* _Work task_: Begin at the line below that has "F-101 Vliegtuig T-Shirt" and stop after the line that has "Универсальный Лип Спойлер". Please restate only those lines, word for word.

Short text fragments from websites
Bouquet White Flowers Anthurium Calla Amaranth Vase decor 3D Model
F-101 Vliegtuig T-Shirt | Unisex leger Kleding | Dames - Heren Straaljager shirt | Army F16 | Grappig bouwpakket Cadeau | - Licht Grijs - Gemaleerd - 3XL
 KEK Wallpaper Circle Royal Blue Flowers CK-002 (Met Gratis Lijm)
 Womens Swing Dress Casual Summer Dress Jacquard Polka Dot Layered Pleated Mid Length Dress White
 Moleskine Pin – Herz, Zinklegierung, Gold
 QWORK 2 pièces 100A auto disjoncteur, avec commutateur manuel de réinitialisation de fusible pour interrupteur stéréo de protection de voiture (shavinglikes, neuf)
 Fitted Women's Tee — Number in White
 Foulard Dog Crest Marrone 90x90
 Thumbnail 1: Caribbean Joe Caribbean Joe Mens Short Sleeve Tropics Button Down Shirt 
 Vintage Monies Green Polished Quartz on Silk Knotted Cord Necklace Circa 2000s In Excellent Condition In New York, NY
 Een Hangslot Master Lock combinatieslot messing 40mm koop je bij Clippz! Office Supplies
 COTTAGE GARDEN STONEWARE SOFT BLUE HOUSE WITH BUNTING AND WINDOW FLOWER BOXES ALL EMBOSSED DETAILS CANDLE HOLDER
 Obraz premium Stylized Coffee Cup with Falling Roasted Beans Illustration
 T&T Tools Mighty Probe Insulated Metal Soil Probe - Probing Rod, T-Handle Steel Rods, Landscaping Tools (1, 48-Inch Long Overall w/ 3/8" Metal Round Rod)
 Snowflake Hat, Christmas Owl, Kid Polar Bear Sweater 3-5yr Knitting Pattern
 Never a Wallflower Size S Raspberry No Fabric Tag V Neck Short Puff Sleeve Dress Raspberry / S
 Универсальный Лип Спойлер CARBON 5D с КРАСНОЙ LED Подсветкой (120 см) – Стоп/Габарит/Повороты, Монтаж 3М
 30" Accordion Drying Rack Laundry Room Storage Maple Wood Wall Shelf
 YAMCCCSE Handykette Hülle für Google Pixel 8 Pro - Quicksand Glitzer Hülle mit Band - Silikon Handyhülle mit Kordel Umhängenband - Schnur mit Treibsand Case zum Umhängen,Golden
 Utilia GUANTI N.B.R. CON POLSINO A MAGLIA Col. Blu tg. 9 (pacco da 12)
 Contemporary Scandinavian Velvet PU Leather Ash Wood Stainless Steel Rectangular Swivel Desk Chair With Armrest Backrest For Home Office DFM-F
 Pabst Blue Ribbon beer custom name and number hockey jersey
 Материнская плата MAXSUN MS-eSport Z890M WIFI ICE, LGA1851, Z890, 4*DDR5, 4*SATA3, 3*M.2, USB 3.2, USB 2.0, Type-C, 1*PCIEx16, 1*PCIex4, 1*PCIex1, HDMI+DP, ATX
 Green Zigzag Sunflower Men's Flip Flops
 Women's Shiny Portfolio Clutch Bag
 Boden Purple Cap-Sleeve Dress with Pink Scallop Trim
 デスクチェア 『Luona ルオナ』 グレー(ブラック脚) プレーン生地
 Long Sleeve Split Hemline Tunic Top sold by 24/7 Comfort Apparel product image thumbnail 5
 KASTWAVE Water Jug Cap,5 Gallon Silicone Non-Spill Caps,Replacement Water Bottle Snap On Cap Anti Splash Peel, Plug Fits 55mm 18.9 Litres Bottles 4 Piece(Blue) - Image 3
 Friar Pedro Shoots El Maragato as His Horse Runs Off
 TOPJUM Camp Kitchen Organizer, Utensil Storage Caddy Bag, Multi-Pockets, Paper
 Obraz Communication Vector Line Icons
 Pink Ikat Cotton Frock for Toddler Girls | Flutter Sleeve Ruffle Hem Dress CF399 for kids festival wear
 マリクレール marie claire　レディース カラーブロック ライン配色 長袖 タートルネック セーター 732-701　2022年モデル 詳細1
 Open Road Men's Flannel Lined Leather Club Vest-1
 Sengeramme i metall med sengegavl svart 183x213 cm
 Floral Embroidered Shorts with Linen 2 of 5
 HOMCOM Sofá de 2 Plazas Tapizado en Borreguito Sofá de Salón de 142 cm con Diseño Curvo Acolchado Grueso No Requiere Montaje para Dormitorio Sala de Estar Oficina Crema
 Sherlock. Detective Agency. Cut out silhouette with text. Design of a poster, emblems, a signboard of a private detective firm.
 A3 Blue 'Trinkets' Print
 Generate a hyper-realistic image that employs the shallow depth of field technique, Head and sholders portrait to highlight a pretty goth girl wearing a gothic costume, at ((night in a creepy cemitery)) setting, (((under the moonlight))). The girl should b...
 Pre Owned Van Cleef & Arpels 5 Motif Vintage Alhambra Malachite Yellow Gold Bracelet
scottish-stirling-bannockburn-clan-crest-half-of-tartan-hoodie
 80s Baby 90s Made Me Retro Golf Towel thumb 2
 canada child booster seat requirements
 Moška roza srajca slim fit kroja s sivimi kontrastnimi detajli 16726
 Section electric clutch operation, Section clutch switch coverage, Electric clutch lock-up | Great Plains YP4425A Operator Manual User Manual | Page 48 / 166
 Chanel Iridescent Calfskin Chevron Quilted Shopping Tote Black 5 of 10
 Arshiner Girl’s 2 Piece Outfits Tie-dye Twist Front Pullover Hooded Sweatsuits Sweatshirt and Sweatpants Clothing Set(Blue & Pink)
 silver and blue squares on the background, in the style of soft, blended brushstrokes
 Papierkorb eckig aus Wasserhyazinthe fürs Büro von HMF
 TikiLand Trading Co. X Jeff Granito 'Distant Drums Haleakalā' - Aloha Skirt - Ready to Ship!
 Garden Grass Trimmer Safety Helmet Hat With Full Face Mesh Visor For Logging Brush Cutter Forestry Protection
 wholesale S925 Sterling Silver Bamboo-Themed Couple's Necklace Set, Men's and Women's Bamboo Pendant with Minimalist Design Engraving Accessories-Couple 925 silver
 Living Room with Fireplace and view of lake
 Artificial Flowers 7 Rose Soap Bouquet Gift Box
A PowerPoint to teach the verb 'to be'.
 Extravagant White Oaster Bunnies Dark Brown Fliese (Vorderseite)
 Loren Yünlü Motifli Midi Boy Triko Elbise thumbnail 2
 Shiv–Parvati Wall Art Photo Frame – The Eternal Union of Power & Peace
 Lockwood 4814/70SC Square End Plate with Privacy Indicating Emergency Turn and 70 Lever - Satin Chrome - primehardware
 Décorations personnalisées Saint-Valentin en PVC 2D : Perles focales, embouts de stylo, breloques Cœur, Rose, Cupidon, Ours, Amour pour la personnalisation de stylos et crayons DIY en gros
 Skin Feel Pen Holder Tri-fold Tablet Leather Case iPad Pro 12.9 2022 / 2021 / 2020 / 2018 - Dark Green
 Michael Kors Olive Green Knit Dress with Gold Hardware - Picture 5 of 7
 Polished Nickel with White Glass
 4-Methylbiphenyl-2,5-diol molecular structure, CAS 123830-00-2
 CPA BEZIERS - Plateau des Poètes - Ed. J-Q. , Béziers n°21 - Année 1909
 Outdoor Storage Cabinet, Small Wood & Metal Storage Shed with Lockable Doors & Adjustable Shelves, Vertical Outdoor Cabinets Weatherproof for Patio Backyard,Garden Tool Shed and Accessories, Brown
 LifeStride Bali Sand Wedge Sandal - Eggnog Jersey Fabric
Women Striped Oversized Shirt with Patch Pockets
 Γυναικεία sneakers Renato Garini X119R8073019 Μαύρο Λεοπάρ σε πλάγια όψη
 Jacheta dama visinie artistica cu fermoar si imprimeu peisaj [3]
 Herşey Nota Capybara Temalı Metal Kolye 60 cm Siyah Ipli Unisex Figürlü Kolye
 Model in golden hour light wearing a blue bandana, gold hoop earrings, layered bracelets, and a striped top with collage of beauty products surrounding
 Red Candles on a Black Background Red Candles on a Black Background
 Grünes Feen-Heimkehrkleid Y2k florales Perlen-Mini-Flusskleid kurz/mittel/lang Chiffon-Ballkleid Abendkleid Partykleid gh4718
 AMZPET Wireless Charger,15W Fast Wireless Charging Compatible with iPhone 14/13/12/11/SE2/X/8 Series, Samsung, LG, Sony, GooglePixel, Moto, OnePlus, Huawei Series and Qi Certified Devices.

* _Solution_:
F-101 Vliegtuig T-Shirt | Unisex leger Kleding | Dames - Heren Straaljager shirt | Army F16 | Grappig bouwpakket Cadeau | - Licht Grijs - Gemaleerd - 3XL
 KEK Wallpaper Circle Royal Blue Flowers CK-002 (Met Gratis Lijm)
 Womens Swing Dress Casual Summer Dress Jacquard Polka Dot Layered Pleated Mid Length Dress White
 Moleskine Pin – Herz, Zinklegierung, Gold
 QWORK 2 pièces 100A auto disjoncteur, avec commutateur manuel de réinitialisation de fusible pour interrupteur stéréo de protection de voiture (shavinglikes, neuf)
 Fitted Women's Tee — Number in White
 Foulard Dog Crest Marrone 90x90
 Thumbnail 1: Caribbean Joe Caribbean Joe Mens Short Sleeve Tropics Button Down Shirt 
 Vintage Monies Green Polished Quartz on Silk Knotted Cord Necklace Circa 2000s In Excellent Condition In New York, NY
 Een Hangslot Master Lock combinatieslot messing 40mm koop je bij Clippz! Office Supplies
 COTTAGE GARDEN STONEWARE SOFT BLUE HOUSE WITH BUNTING AND WINDOW FLOWER BOXES ALL EMBOSSED DETAILS CANDLE HOLDER
 Obraz premium Stylized Coffee Cup with Falling Roasted Beans Illustration
 T&T Tools Mighty Probe Insulated Metal Soil Probe - Probing Rod, T-Handle Steel Rods, Landscaping Tools (1, 48-Inch Long Overall w/ 3/8" Metal Round Rod)
 Snowflake Hat, Christmas Owl, Kid Polar Bear Sweater 3-5yr Knitting Pattern
 Never a Wallflower Size S Raspberry No Fabric Tag V Neck Short Puff Sleeve Dress Raspberry / S
 Универсальный Лип Спойлер CARBON 5D с КРАСНОЙ LED Подсветкой (120 см) – Стоп/Габарит/Повороты, Монтаж 3М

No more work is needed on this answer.